Unvorbelasteter Blick aufs Team

Manager Trott hatte das "Glück", unvorbelastet Kopf eines Teams zu werden. Und er sah die Missstände. Ein Beispiel: Als sich der Konzern auf ein gemeinsames Tool für die Kommunikation einigen wollte, entstanden schnell zwei Fraktionen, eine war für Microsoft, eine für Lotus Notes. Es dauerte schließlich ein Jahr, bis über externe Hilfe und eine demokratische Befragung der Mitarbeiter klar war: Die Mehrheit der IT-Mitarbeiter will Microsoft. "In diesem Jahr haben sich die Parteien gegenseitig paralysiert", resümiert Trott.

Veränderungen angehen

Da Entscheidungen ohne hitzige und emotionale Debatten nicht möglich waren, setzte Trott externe Berater und Coaches ein, um "die Entscheidungsprozesse zu objektivieren". Coach Doppler versuchte, in Workshops herauszufinden, wo die Widerstände waren. Die einfache Formel "Je mehr Server in der Verantwortung, desto wichtiger bin ich" galt ab sofort nicht mehr. Die Ausgangsposition war nicht sonderlich gut. "Mit Führungsfragen und Change-Management hatten sich weder die IT-Manager noch sonstige Führungskräfte jemals auseinandergesetzt", konstatiert Trott. Doch gerade bei der Fokussierung auf das Servicegeschäft der IT-Abteilung war es nötig, "bestehende Verhaltensweisen, eingefahrene Trägheiten, Bewertungskriterien und beharrlich ignorierte Probleme aufzubrechen".

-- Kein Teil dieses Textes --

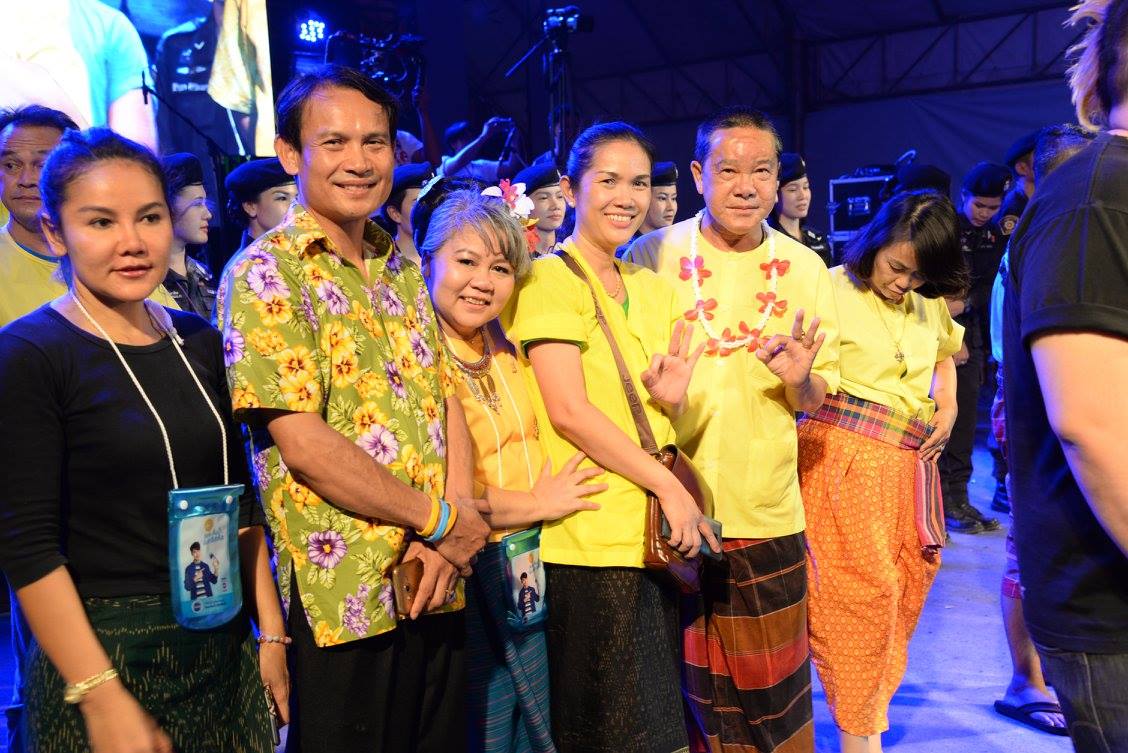 ReviewKK's tweet photo. #สงกรานต์อีสาน #รีวิวขอนแก่น
ภาพคลื่นมนุษย์ของสงกรานต์วันแรกที่ถนนข้าวเหนียวครับ13/04/59 #สงกรานต์2559
cr.เพจเทศบาล https://t.co/JTBdqtxcop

Schließlich gingen Repräsentanten der IT-Führung und Bereichsinformatik in einem Kloster in Klausur, um eine Idee einer konstruktiven Zusammenarbeit zu entwickeln und überhaupt eine Vorstellung vom Thema Führung zu bekommen. Ein vom damaligen CIO anberaumtes Kamingespräch mit dem Thema "Führung heute" zeigte seiner Ansicht nach, dass "außer Allgemeinplätzen zum Thema Führung keine weiteren Vorstellungen vorhanden waren". Eine Rose schmückte als Symbol der Verschwiegenheit die massive Holztür zum Diskussionsraum des Klosters. "Es durfte niemandem etwas übelgenommen werden. Das war sehr wichtig", erinnert sich Trott.

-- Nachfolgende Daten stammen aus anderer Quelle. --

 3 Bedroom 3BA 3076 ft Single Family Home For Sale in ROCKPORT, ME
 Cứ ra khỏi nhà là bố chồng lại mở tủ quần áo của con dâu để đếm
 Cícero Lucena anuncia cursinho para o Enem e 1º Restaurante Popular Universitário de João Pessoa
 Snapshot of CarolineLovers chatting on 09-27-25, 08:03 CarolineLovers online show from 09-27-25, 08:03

Coaching-Tipps. Den Change-Prozes begleiten.

Zwei unterschiedliche Kulturen von Menschen prallten aufeinander. Eine Pinwand nach der anderen schrieben die Bereichsinformatiker voll, um darzustellen, welche Aufgaben sie in der Fachbereichs-IT zu bewältigen haben. Die Zentrale IT hingegen benötigte nur eine Seite. Und schon waren Vorbehalte da: "Die wissen doch gar nicht, was sie tun", hieß es daraufhin, erinnert sich Trott an die damalige Konfrontation. Dennoch gab es nach der Zusammenkunft Konsens in einem wesentlichen Punkt: Die IT muss sich mit den Wünschen der Geschäftsbereiche auseinandersetzen.

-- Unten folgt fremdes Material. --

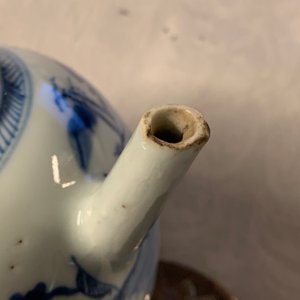 Een diverse collectie Chinees en Japans blauw-wit porselein, Ming en later — foto 62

"Wir haben die Bereichsinformatiker ins Boot geholt", sagt Trott, "und ihnen Mitspracherecht gegeben." Ohne gemeinsame Entscheidungen hätte das Ziel der Globalisierung der IT in Frage gestanden. In 14-tägigen Jour fixes diskutiert die Bereichs-IT nun mit. Heute spricht der neue IT-Chef von einer IT-Fabrik, die entstanden sei. Je nach den Fähigkeiten der Mitarbeiter wurden sie auf die verschiedenen Bereiche verteilt. Wer "es gut mit den Kunden konnte", orientierte sich in Richtung Business Relationship Management.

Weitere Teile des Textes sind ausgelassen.